**Exercise:** Print the whole listing exactly as it appears, but skip the pictures.

##### Dataset content #####

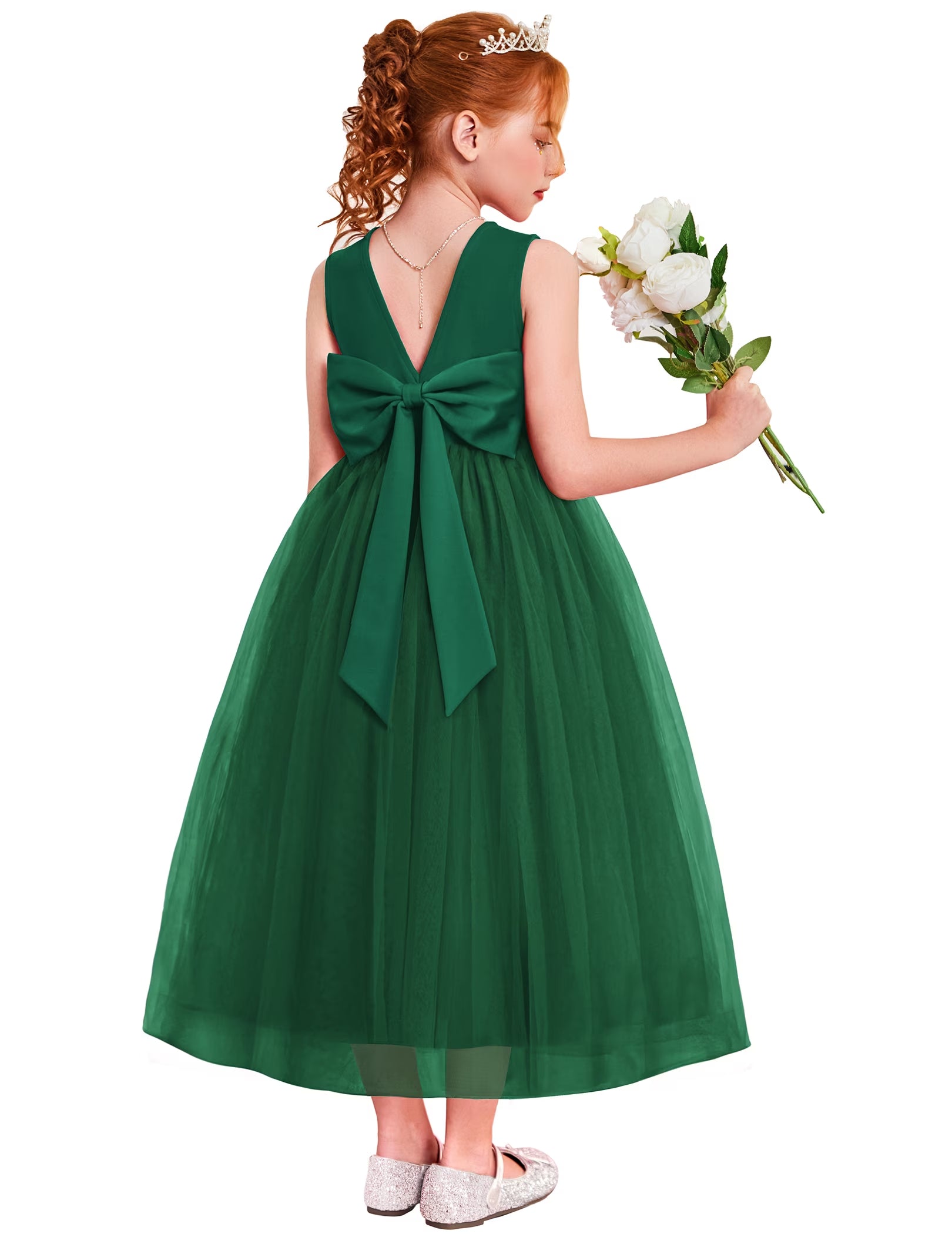 Oudiya Flower Girls Dress Bowknot V-Back Formal Pageant Ball Gown Party Wedding Tulle Long Dresses, 4-12Y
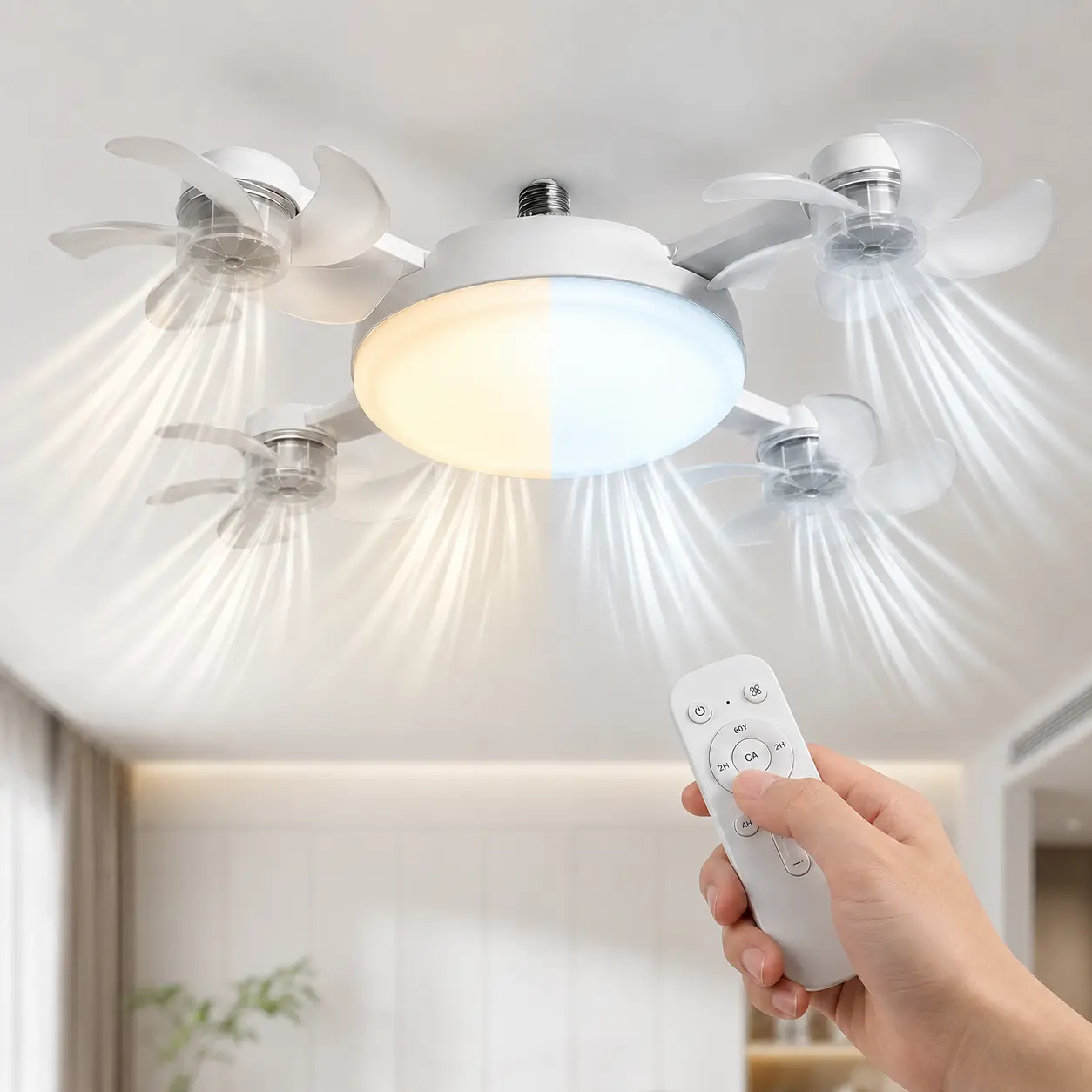 4/2 Pack E27/E26 Socket Ceiling Fan Light 2-in-1 Silent LED Fan with Remote Control Energy-Saving Cooling & Lighting Combo for Home Bedroom Dorm Room Apartment Summer Essentials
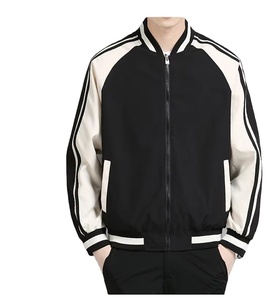 Wholesale Top Trending <b>Men</b> Canvas <b>Varsity</b> <b>Jacket</b> Single Button Contrast Sleeve Baseball Style Vintage Casual Thick Breathable - Product Image 3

#####

**Your response:**
 Oudiya Flower Girls Dress Bowknot V-Back Formal Pageant Ball Gown Party Wedding Tulle Long Dresses, 4-12Y
 4/2 Pack E27/E26 Socket Ceiling Fan Light 2-in-1 Silent LED Fan with Remote Control Energy-Saving Cooling & Lighting Combo for Home Bedroom Dorm Room Apartment Summer Essentials
 Wholesale Top Trending <b>Men</b> Canvas <b>Varsity</b> <b>Jacket</b> Single Button Contrast Sleeve Baseball Style Vintage Casual Thick Breathable - Product Image 3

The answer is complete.